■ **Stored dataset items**
== Segment start ==

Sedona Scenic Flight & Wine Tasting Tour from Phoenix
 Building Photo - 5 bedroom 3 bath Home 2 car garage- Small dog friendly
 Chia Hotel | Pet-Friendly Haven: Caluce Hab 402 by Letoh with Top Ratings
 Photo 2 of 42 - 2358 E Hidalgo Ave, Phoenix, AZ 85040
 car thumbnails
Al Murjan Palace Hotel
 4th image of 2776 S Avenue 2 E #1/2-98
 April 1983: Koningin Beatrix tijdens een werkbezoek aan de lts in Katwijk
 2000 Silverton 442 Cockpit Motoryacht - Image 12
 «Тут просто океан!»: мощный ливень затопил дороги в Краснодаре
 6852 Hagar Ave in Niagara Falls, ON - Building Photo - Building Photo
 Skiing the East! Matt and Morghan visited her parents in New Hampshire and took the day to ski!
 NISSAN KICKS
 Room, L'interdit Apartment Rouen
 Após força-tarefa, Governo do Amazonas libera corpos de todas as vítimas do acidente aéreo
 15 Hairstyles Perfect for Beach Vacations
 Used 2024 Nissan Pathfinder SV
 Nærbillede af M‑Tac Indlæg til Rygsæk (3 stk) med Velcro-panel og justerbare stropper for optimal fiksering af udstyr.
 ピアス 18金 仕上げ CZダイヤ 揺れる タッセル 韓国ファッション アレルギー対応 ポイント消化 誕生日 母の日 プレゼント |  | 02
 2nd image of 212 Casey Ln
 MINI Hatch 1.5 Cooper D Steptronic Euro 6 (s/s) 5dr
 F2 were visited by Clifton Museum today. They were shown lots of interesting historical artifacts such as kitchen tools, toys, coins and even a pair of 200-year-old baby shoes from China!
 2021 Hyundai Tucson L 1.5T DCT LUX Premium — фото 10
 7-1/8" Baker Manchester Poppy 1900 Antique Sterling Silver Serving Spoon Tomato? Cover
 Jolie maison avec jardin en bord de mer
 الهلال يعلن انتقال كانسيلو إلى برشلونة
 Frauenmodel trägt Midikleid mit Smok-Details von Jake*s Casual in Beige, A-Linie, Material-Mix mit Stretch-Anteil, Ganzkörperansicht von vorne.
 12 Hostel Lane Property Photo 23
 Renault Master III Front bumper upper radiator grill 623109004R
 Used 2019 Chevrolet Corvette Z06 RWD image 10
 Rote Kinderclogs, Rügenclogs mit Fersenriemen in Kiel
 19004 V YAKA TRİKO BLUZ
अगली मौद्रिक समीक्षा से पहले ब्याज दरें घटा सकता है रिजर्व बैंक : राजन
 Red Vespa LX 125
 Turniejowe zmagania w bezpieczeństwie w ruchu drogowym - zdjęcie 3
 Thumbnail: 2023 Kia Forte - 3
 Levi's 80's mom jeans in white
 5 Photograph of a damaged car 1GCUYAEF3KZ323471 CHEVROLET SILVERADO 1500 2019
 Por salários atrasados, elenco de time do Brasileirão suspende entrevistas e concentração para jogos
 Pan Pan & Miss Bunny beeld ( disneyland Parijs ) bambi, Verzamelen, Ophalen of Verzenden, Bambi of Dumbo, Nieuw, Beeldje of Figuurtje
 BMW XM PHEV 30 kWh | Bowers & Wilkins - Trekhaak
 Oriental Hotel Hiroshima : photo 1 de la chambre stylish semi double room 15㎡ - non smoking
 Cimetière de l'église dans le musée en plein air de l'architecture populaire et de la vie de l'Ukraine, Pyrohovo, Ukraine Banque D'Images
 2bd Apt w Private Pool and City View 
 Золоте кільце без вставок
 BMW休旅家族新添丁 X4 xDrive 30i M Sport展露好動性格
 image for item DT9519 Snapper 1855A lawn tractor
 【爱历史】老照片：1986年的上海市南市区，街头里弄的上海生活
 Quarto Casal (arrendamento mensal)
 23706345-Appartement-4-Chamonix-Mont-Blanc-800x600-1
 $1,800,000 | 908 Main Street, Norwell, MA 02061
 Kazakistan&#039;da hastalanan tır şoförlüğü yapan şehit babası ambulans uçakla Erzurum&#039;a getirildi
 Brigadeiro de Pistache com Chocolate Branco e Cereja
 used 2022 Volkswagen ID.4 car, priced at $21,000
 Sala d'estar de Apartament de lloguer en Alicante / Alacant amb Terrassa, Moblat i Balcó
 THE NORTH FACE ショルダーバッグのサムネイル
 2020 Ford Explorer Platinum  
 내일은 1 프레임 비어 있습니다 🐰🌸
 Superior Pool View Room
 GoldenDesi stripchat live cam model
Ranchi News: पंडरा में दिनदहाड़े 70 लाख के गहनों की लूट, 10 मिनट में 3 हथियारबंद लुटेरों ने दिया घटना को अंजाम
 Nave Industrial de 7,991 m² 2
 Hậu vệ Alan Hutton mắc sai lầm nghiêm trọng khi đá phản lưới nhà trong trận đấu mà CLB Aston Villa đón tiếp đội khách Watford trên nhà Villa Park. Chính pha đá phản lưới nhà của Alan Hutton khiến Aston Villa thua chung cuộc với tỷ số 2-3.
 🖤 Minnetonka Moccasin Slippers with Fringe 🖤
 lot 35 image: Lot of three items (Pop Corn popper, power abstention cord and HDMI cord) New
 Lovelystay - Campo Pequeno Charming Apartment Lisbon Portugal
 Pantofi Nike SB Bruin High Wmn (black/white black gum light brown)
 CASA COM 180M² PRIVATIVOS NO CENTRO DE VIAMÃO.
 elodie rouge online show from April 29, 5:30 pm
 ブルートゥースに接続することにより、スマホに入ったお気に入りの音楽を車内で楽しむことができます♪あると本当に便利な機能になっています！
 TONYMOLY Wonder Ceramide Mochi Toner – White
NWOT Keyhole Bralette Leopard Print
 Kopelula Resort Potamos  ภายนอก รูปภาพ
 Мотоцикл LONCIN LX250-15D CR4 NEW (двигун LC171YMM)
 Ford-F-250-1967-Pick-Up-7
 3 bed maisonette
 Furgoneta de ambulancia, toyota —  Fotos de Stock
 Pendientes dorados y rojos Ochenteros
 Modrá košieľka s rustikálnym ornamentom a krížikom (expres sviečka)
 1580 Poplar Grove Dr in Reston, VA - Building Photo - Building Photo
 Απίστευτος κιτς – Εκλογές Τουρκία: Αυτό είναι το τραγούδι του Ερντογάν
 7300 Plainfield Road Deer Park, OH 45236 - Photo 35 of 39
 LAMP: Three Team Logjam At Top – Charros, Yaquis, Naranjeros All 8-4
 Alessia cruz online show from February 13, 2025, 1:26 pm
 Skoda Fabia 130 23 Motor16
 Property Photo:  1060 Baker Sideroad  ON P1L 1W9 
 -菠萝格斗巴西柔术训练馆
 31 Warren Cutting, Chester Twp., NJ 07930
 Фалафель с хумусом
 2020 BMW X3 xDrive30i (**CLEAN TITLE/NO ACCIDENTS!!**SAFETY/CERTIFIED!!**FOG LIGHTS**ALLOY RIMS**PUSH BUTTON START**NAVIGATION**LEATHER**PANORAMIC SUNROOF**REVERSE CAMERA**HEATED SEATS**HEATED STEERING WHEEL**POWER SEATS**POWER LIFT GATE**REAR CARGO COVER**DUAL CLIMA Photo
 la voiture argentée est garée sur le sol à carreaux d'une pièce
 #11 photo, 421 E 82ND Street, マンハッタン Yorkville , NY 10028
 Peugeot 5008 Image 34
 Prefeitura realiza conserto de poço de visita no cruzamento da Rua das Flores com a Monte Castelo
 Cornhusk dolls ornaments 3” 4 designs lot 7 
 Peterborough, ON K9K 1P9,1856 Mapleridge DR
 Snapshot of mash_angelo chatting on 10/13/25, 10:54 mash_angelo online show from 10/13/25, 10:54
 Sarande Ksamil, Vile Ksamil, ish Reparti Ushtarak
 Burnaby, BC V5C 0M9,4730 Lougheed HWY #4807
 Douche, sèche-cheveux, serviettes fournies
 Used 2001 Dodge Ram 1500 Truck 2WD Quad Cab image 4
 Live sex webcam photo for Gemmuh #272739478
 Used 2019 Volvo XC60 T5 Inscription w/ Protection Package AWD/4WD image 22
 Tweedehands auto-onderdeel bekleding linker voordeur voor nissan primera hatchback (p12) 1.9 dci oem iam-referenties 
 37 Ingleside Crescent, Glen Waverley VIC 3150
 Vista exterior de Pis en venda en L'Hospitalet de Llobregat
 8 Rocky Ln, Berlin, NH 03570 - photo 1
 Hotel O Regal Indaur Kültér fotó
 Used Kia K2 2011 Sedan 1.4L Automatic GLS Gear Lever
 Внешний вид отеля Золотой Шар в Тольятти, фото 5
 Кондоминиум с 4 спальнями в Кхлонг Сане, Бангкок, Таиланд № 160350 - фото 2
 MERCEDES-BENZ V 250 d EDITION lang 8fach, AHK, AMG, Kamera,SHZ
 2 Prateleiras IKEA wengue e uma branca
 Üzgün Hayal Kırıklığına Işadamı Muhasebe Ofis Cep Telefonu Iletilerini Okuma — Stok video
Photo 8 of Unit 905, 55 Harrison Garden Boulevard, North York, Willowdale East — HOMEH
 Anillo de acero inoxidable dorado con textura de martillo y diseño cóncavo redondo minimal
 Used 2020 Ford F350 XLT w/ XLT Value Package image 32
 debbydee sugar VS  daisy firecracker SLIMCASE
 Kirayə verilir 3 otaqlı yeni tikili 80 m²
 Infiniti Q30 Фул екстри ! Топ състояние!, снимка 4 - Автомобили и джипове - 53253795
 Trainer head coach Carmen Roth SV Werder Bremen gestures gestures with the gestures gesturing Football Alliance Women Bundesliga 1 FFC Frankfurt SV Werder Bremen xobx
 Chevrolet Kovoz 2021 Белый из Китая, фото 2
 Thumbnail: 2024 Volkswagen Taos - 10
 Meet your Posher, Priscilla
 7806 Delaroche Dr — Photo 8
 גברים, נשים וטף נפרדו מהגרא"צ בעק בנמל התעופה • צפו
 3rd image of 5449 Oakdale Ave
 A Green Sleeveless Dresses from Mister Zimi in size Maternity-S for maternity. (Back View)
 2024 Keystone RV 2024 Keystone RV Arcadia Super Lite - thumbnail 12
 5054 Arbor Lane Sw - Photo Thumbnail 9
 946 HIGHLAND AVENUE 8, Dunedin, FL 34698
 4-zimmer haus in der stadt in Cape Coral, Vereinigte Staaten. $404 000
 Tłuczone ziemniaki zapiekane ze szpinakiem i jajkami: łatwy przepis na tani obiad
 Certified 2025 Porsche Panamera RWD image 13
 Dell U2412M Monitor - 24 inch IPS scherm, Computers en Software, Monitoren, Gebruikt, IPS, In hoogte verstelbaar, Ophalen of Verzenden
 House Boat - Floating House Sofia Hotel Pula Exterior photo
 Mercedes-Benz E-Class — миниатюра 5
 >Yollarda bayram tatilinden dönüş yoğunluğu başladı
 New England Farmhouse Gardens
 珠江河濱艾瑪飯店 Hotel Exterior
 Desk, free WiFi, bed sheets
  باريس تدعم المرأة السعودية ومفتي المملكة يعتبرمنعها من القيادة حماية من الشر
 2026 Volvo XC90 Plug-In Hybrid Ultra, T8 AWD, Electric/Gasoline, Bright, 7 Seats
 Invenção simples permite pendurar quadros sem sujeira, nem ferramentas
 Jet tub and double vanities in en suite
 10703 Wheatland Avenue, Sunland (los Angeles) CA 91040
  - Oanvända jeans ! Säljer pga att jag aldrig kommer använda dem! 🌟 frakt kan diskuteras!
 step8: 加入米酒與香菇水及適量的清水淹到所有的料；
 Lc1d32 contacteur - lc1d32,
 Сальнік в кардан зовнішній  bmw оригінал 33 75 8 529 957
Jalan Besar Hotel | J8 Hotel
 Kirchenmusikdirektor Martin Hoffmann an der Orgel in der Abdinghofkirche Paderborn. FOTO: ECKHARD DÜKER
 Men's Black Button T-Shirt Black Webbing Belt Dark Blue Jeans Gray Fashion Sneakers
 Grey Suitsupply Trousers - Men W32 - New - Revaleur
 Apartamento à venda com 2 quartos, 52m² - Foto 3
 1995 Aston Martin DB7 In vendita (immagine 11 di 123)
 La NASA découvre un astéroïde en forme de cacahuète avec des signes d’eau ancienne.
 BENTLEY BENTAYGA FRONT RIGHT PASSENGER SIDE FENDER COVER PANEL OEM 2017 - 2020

== Segment end ==

Filter the data for the string "Apartment". Copy each matching line.

 Room, L'interdit Apartment Rouen
 Lovelystay - Campo Pequeno Charming Apartment Lisbon Portugal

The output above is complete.